Data for review:
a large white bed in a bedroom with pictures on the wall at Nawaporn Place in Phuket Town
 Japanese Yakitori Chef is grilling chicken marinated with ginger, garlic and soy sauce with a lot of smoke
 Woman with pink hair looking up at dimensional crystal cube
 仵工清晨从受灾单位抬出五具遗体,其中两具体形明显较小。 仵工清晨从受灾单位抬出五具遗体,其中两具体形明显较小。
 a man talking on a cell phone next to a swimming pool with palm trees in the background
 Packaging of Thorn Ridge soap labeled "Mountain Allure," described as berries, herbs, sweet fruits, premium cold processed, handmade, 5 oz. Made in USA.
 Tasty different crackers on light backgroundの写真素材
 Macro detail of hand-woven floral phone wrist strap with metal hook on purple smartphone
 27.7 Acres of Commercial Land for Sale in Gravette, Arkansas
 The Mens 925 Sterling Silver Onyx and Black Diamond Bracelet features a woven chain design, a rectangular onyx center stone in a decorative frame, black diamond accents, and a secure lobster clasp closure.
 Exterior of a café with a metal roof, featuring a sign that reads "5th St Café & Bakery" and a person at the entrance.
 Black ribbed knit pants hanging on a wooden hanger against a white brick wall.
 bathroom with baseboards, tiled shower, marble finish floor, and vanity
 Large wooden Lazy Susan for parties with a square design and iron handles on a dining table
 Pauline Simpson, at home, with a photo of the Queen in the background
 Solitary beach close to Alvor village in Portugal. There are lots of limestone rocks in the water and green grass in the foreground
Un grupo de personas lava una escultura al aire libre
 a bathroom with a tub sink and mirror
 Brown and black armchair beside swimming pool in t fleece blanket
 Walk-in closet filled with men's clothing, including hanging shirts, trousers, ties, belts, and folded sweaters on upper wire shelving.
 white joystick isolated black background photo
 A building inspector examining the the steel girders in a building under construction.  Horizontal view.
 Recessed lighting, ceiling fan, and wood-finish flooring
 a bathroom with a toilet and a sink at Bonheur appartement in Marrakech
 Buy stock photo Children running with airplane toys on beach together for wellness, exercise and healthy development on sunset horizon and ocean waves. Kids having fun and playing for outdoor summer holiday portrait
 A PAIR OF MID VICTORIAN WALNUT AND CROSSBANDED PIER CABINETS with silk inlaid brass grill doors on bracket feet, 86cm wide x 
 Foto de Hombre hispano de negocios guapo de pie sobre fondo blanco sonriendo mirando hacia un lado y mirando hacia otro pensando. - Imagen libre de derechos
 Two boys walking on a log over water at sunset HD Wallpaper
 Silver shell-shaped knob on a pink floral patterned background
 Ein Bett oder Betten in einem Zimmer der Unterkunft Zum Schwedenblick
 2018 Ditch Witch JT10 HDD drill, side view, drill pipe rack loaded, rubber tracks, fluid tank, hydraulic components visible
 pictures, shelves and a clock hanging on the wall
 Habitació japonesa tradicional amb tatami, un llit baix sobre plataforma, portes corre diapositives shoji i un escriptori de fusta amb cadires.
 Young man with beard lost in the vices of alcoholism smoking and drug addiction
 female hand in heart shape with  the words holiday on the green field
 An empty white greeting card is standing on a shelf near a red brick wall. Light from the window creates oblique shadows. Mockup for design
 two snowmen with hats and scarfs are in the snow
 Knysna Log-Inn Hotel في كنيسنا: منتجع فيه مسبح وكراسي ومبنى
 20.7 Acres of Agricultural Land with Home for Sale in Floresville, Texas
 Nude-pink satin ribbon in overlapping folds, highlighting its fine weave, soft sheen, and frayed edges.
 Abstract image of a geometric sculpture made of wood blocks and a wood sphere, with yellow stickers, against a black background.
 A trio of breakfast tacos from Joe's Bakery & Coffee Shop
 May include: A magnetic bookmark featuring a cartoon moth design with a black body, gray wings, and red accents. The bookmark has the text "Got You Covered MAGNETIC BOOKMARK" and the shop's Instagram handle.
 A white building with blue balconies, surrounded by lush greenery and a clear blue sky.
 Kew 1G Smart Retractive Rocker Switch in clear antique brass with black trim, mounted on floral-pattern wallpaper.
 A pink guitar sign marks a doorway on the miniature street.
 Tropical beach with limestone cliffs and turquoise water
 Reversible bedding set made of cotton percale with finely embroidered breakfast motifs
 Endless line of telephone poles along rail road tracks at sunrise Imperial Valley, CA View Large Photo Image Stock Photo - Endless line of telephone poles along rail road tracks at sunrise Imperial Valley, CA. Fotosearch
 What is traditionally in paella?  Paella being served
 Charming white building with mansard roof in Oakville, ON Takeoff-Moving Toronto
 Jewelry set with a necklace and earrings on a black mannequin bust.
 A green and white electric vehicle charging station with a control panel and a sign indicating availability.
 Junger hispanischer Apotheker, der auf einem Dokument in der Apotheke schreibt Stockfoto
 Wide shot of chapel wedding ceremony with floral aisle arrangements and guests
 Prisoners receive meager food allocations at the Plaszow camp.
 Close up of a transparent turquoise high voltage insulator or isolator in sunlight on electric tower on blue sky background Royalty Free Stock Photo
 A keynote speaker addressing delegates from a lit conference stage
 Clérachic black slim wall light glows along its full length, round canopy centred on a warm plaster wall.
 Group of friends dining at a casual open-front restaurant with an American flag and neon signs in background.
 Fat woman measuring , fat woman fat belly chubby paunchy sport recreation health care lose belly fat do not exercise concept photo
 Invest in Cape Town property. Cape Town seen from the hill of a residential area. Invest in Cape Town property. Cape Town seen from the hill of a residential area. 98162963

Exercise prompt:
Copy the lines above exactly. Start with the line containing "Packaging of Thorn", end with the line containing "Large wooden Lazy", and include both.

Answer area:
 Packaging of Thorn Ridge soap labeled "Mountain Allure," described as berries, herbs, sweet fruits, premium cold processed, handmade, 5 oz. Made in USA.
 Tasty different crackers on light backgroundの写真素材
 Macro detail of hand-woven floral phone wrist strap with metal hook on purple smartphone
 27.7 Acres of Commercial Land for Sale in Gravette, Arkansas
 The Mens 925 Sterling Silver Onyx and Black Diamond Bracelet features a woven chain design, a rectangular onyx center stone in a decorative frame, black diamond accents, and a secure lobster clasp closure.
 Exterior of a café with a metal roof, featuring a sign that reads "5th St Café & Bakery" and a person at the entrance.
 Black ribbed knit pants hanging on a wooden hanger against a white brick wall.
 bathroom with baseboards, tiled shower, marble finish floor, and vanity
 Large wooden Lazy Susan for parties with a square design and iron handles on a dining table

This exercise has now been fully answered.